I've already gotten the two layers of wallpaper that I'm going to do off. So today I sanded and patched up the rough spots, getting ready for a coat of primer.
But. I ran into a major (for me) snag. See the crap below the outlet in the pic? That's where a rubbery caulking has been laid over the wallpaper. I cannot get this out. This is a place where the hubby is going to have to get up off his bum and help me.
Our 5 in 1 tool has walked off and that left me to cobble together a bunch of useless tools to get this job done. It didn't work of course. I used a flathead screwdriver, box cutters and this wicked looking saw thing that I found in the drywall supplies in the garage. Nope. I really needed the 5 in 1.
I spent most of my day sanding and trying to pick out nasty caulk. yuck. Then I wiped everything down and started spackling. I think I dropped more on the floor than I got pushed into the small holes in the walls.
See that nasty blue counter? We're planning on getting rid of it too, but it will be a while before it goes.
I'm pooped now. Might go knit, might go fall into the bed. We'll see what happens first once the kiddies are sent off to bed. Whew!
Wednesday, November 19, 2008
I might have let my van take me to the yarn shop today. And I might have unzipped my purse and let my wallet jump out while I was there.
Look what came home with me:
And this dove headlong into the shopping bag as well:
Tuesday, November 18, 2008
Pattern: EZ's Mitered Mittens
Author: Elizabeth Zimmerman
Book: Knitter's Almanac
Yarn: Noro Silk Garden #270
Needles: Size 6 circular
Cast on 40 sts. instead of the recommended 48 (for a size women’s small) on two circs. instead of dpns.
It's very simple to convert this pattern from using dpns to circs. I you don’t know how, here's how I did it:
First, split your cast on stitches between two circs. Then, On one circ. do the part where EZ says needle 1 and then follow that immediately with the needle 2 section of the pattern (do all of this on the same circular needle).
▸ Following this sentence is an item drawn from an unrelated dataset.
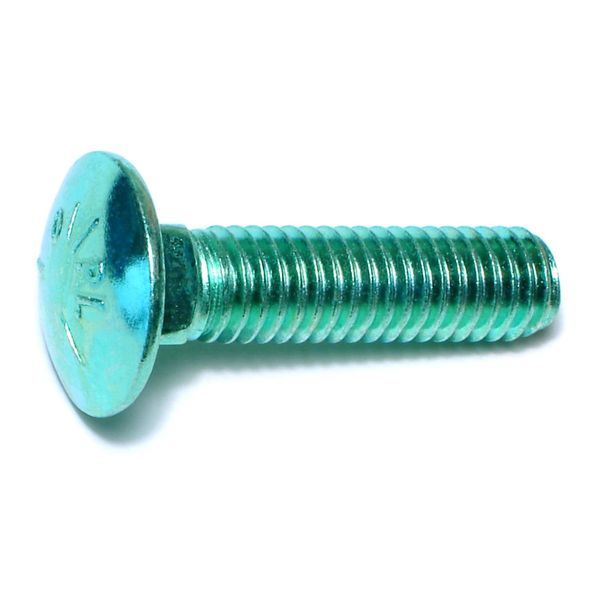3/8"-16 x 1-1/2" Green Rinsed Zinc Plated Grade 5 Steel Coarse Thread Carriage Bolts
Repeat the whole process that was done on the first needle for the second circ. Then follow up with the knit for one round of the pattern.
- 5 rows of garter stitch instead of ribbing.
- Did 17 rows of pattern before beginning gusset.
- Gusset Section:
- Used instructions for the gusset from http://www.kathrynivy.com.
- Increased to 14 gusset sts. instead of 15.
- After Gussett:
- Stopped when 12 sts. remained to reduce the pointy-ness of the fingertips.
- Picked up two stitches where thumb meets the palm. 16 gusset sts total.
Next time instead of doing M1s in the pattern, I’ll do kfbl to eliminate the holes that the m1 makes. They bug me no end.
Monday, November 17, 2008
First, we were baby sitting my parent's dog, Minnie Pearl. I caught her sound asleep with a toy in her mouth:
And if that wasn't enough, look who I caught trying to spin yarn:
He was honestly trying to get the roving attached so that he could work the pedals and make yarn like Mommy. It was so freakin' cute.
And here's the new project that jumped on the needles this weekend:
This is just the first half of the Mitered Mittens. I'll hopefully have the other half finished (I've probably just jinxed myself) by tomorrow and can give you all the details then.